→ Work required: Only the lines from the one with "安卓|Android 手机屏幕四边等宽可以有，但没必要" through the final line below belong in the answer, copied exactly and without pictures.

→ Provided material:
[Start of section]
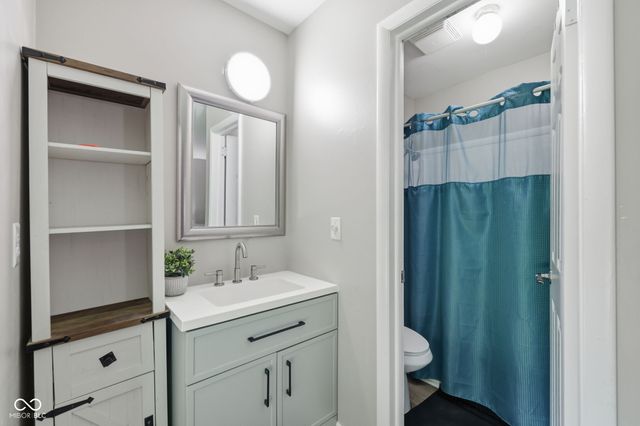 5420 W 62nd Street, Indianapolis, IN 46268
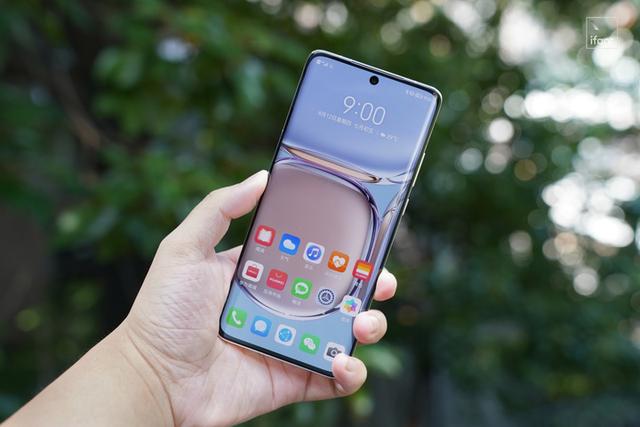 安卓|Android 手机屏幕四边等宽可以有，但没必要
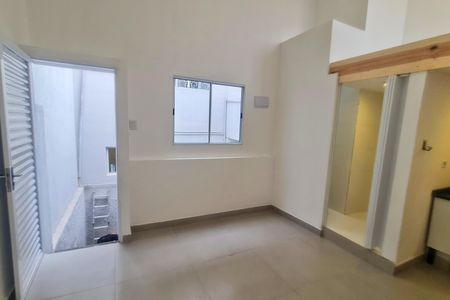 Sala de kitnet/studio para alugar com 1 quarto, 18m² em Jardim Santa Mena, Guarulhos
[End of section]
→ Solution:
 安卓|Android 手机屏幕四边等宽可以有，但没必要
 Sala de kitnet/studio para alugar com 1 quarto, 18m² em Jardim Santa Mena, Guarulhos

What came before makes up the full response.